Pada tahun 1938, Pemerintah Hindia Belanda mengeluakan peraturan nomor 352 yang termuat di Staasblad.
Di peraturan yang dikeluarkan oleh Gubernur Jenderal Hindia Belanda, Borneo (Kalimantan) ditetapkan sebagai wilayah administratif dengan Banjarmasin sebagai ibu kota.
Secara administratif, Borneo dibagi dalam dua karesidenan yakni Borneo bagian Selatan dan Timur.
Saat itu Singkawang masuk sebagai kawedanan yang berada di samping kawedanan Pemangkat dan Bengkayang.

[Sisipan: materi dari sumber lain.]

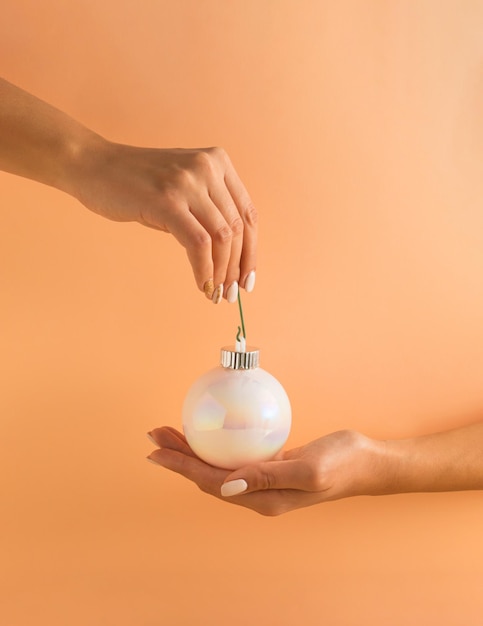 Mains de femme tenant une boule de Noël brillante blanche sur fond orange pastel Concept de vacances minimal Bonne année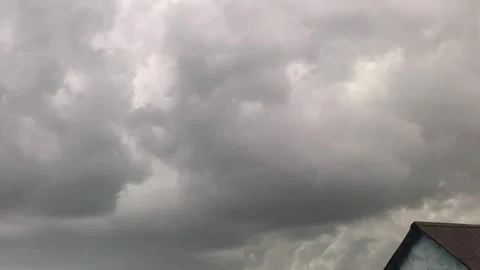 Dark clouds gather over a city as a storm approaches in the evening sky with fla Stock Footage 335406034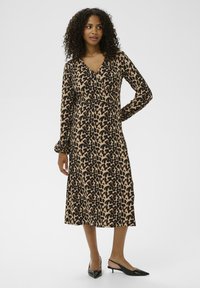 Robe en imprimé léopard beige avec des taches noires. Manches longues, décolleté en V et longueur mi-mollet. Portée avec des escarpins noirs à bout pointu.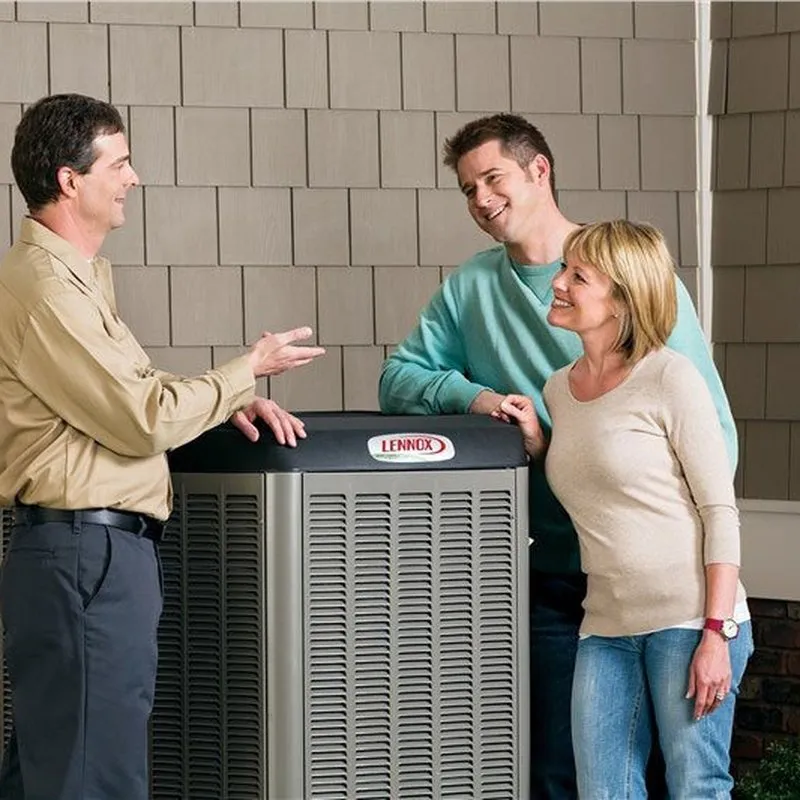 A professional from Heating And Air Experts discusses an air conditioning unit with two homeowners in Fremont.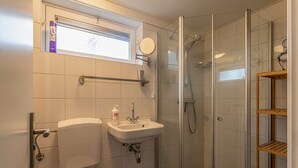 Un baño con inodoro, lavamanos y ducha con mampara de vidrio.
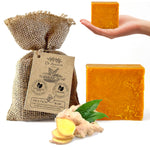 Turmeric soap with a burlap bag, ginger root, and leaves on a white background.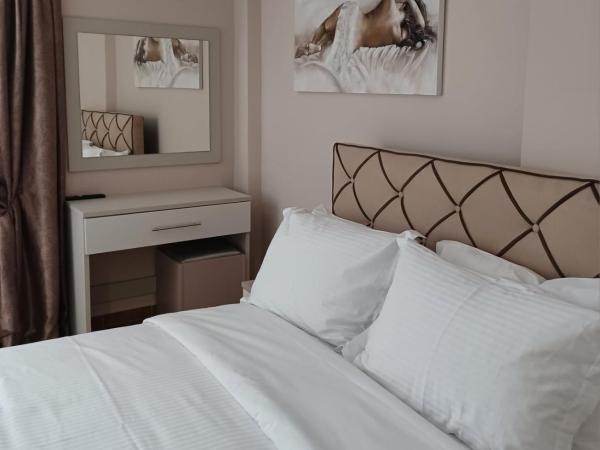 Melenia Suites : photo 3 de la chambre appartement 1 chambre deluxe - vue sur ville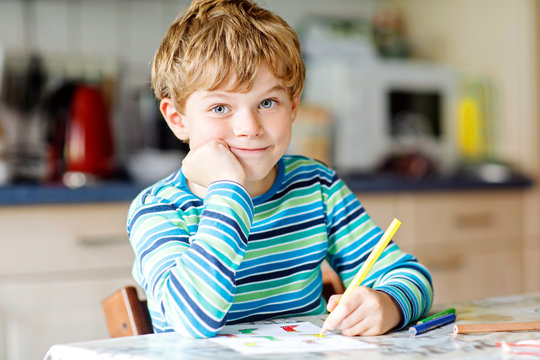 Hard-working happy school kid boy making homework during quarantine time from corona pandemic disease. Healthy child writing with pen, staying at home. Homeschooling concept
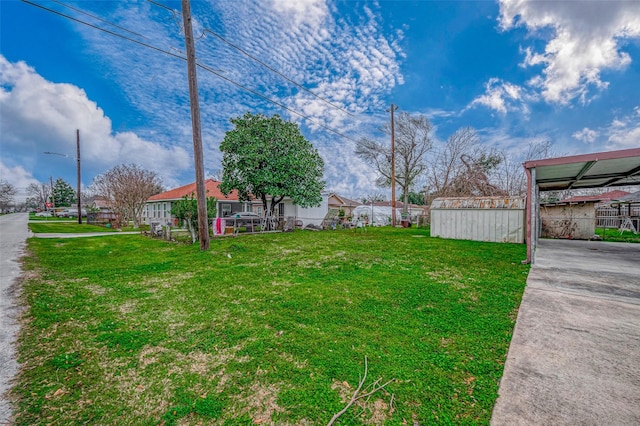 view of yard featuring an outdoor structure and driveway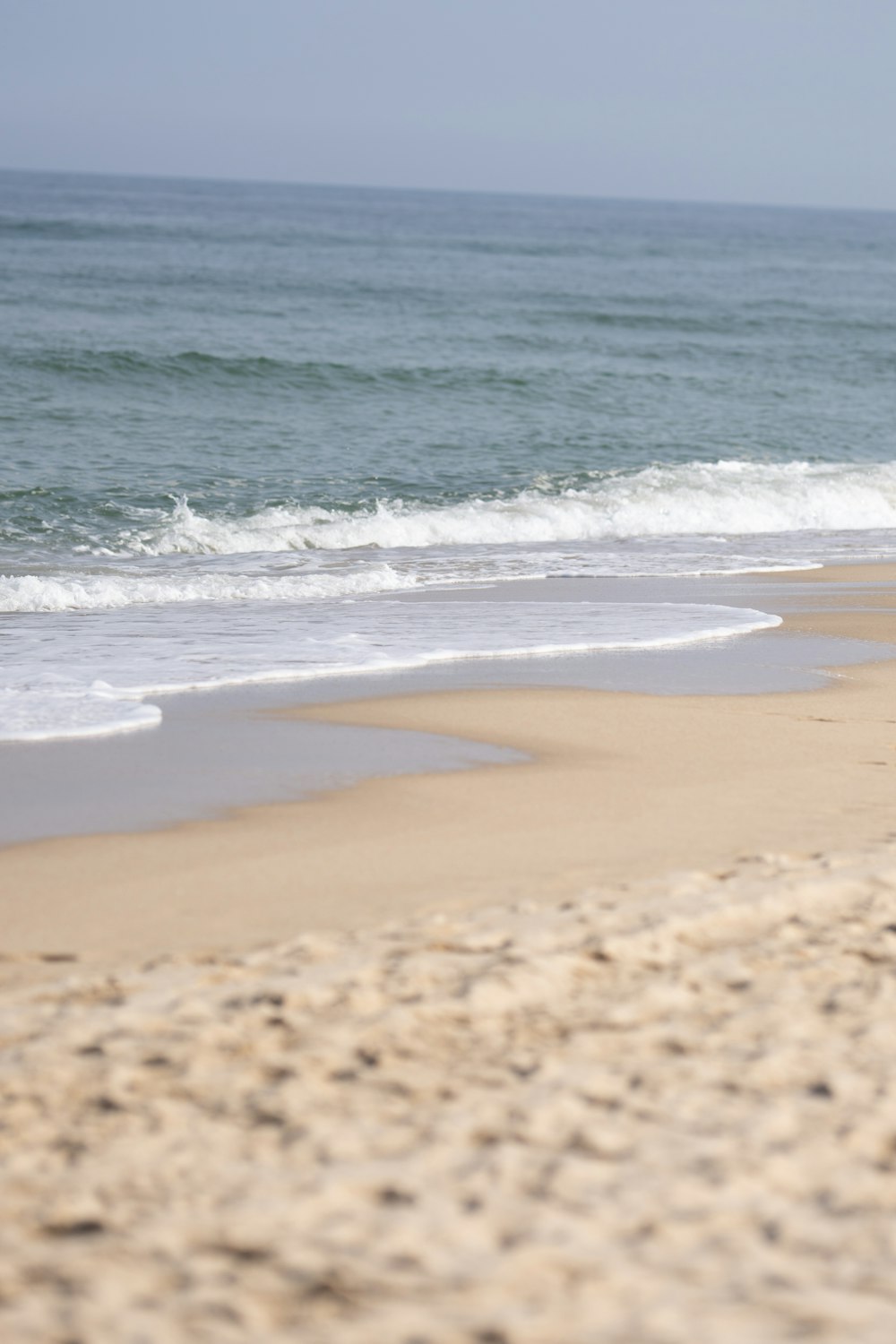 a person walking on a beach carrying a surfboard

Transit pengangkutan hasil tambang emas
Sementara itu dikutip dari singkawangkota.go.id, disebutkan Singkawang adalah sebuah desa di wilayah Kesultanan Sambas.
Singkawang kerap dijadikan tempat singgah para pedagang dan penambang emas dari Monterado.
Para penambang dan pedagang yang singgah kebanyakan berasal dari negeri Cina. Selain tempat singgah dan melepas lelah, Singkawang juga menjadi tempat transit pengangkutan hasil tambang emas.
Melihat perkembangan Singkawang yang dinlai cukup strategis, sebagian penambang beralih profesi.
Para penambang tersebit menjadi petani dan pedagang sehingga memilih menetap di daerah Singkawang.
Pada tahun 1959, Singkawang adalah kecamatan bagian dari Kabupaten Sambas.
Pada tahun 1981, kota ini menjadi Kota Administratif Singkawang. Selain pusat pemerintahan Kota Administratif Singkawang ibukota Sambas juga berkedudukan di Kota Singkawang.
Setelah melewati jalan panjang, akhirnya Singkawang ditetapkan sebagai daerah otonom berdasarkan Undang-Undang Nomor 12 Tahun 2001 tentang Pembentukan Kota Singkawang.
Kota Singkawag diresmikan pada tanggal 17 Oktober 2001 di Jakarta oleh Menteri Dalam Negeri dan Otonomi Daerah atas nama Presiden Republik Indonesia.